Human rights claims are an increasingly common occurrence for Canadian employers. Employees or former employees can initiate these claims at little or no cost in most Canadian jurisdictions (the various provinces, territories, or the federal sphere).
An employer must defend human rights claims to avoid an award of damages or other orders. That can be costly. And in most cases, an unsuccessful employee isn’t responsible for paying any of the defense costs.
The low cost of filing and the lack of a gate-keeping procedure at most Canadian human rights agencies dealing with claims or complaints are major reasons. Claims can be filed that have no chance of success. Such claims often occur when the employee doesn’t understand what is needed to justify a finding of discrimination. In a recent decision, the Human Rights Tribunal of Ontario observed as follows:
It is evident that the parties are engaged in a number of work-related disputes and that the applicant feels that he has been treated unfairly by the respondents and his union.
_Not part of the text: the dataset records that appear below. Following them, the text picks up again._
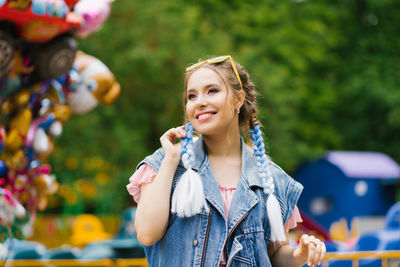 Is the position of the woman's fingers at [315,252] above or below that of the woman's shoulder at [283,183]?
below

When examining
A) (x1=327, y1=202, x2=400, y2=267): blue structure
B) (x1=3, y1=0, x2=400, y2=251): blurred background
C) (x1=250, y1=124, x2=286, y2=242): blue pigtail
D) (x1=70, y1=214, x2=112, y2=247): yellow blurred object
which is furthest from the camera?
(x1=3, y1=0, x2=400, y2=251): blurred background

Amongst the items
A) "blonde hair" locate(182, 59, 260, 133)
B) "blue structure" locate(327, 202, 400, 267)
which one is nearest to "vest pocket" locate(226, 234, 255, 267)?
"blonde hair" locate(182, 59, 260, 133)

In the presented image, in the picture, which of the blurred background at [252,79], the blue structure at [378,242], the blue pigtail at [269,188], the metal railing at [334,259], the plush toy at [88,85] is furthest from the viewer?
the blurred background at [252,79]

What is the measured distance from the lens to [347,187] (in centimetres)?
1566

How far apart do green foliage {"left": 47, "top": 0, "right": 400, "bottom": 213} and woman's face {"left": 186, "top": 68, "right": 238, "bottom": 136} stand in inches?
380

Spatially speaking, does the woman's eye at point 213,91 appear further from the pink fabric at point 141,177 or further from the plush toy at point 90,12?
the plush toy at point 90,12

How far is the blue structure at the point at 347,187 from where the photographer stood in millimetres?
15609

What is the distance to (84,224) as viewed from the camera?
38.5ft

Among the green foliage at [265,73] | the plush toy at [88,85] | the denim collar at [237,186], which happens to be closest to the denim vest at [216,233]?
the denim collar at [237,186]

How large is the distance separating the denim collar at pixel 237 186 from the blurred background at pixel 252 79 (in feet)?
31.0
The Tribunal, however, is not a panacea for workplace disputes and general allegations of unfairness. The Tribunal’s authority is to determine whether there has been discrimination on a ground prohibited by the Code or a reprisal for asserting one’s Code rights. (Reid v. Molson Coors Canada, 2011 HRTO 427)
Some provinces have introduced methods to quickly and summarily dismiss claims that have no reasonable prospect of success.
British Columbia: A party responding to a human rights complaint may request an early dismissal of all or part of it. This can happen when the acts or omissions alleged in the complaint don’t contravene the Human Rights Code. It also can happen when there is no reasonable prospect that the complaint will succeed (Section 27 of the British Columbia Human Rights Code). The Human Rights Tribunal may dismiss the claim without a hearing or schedule a summary hearing to decide the issue.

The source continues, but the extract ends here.